The Plaintiff sustained a slip and fell and commenced an action against the Town of Markham (hereinafter “Markham”) and indicated that the incident occurred on March 6th, 2011. Markham had retained V.T.A. Construction LTD as the winter maintenance contractor. A statement of defence and Third party Claim was issued as against V.T.A. and its insurer Intact. The contract between V.T.A. and Markham had Markham added as an additional insured to its policy with Intact “but only with respect to the legal liability arising out of the operations of [V.T.A.]”. In the third party claim, Markham sought a declaration from Intact that it owed a duty to defend and indemnify Markham.

The Plaintiff added V.T.A. as a defendant to the action.

Counsel for Markham prepared an Assumption of Defence Agreement that provided that Intact would assume the defence of Markham and indemnify Markham with respect to any damages in the action.

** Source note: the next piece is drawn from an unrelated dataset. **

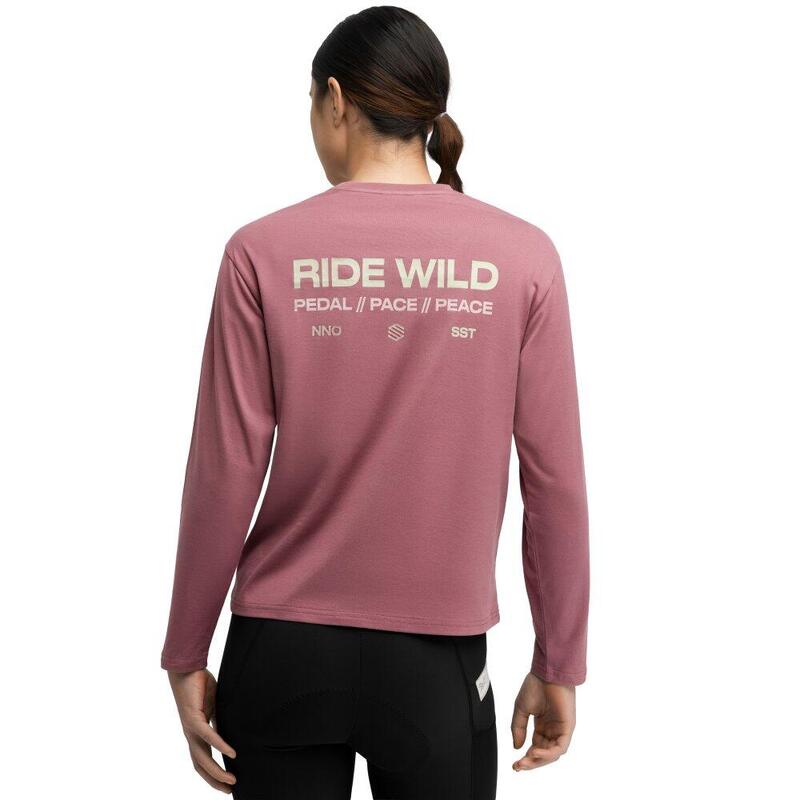 Tricou cu mânecă lungă din bumbac pentru femei, model gravel Rutted-W Brown M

Counsel for V.T.A. advised that Intact would not be executing the agreement but that his office would serve a Notice of Change of Lawyers. Counsel for Markham advised that the agreement did not have to be signed as along as Markham was covered for any amounts arising from a finding of liability against it. Counsel for V.T.A. delivered a Notice of Change of Lawyers, which indicated that he was now counsel for both V.T.A. and Markham. For 16.5 months, counsel represented both, including at examinations for discovery.

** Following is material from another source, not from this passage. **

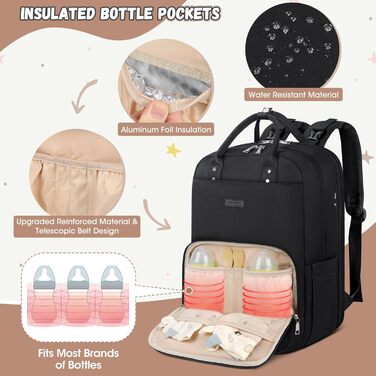 RAINSOMORE Backpack Diaper Bag - Backpack with Changing Pad - Large On-the-Go Diaper Bag - Multifunctional Baby Bag for Mom and Dad - Black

In December 2013, counsel brought a motion to remove itself as solicitor of record and new counsel was appointed for V.T.A. but not for Markham. Markham brought a motion under Rule 49 to enforce the settlement agreement.

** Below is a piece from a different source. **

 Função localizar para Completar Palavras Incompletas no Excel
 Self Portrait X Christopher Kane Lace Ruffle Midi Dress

The appeal was allowed and it was found that the motion judge erred in finding that there was no agreement. The Court of Appeal found that the question was not whether there was an agreement, but its interpretation.

Secondly, the motion judge erred in concluding that Intact “could not have agreed to indemnify Markham for liability in the action, except as resulted from V.T.A.’s negligence”.

Although the maintenance contract indicated this, the agreement between counsel was different. Furthermore, the actions of Intact indicated the latter agreement.

By having one counsel act for both Markham and V.T.A. meant that their interests were the same and aligned and not adverse in interest. This was found to be an important determinative fact. Intact had agreed to both defend and indemnify Markham, including in respect of its own negligence, unrelated to V.T.A.’s actions, or lack thereof.

The Court of Appeal found that this was an agreement to indemnify and therefore found that Intact had to defend Markham at its sole expense and indemnify it for any damages and costs awarded.

What other alternatives did Intact have?

  1. It could have denied both the duty to defend and indemnification obligations leaving Markham on its own, and indicating that V.T.A. and Markham were adverse;
  2. It could have resisted the claim for indemnification but accepted the obligation to defend, assuming the cost of Markham’s defence, and indicating adversity between V.T.A. and Markham. Another counsel would have had to be appointed for Markham;

However, by choosing to have the same counsel defend both V.T.A. and Markham, demonstrated alignment in interest, and it was too late now for Intact, to indicate otherwise.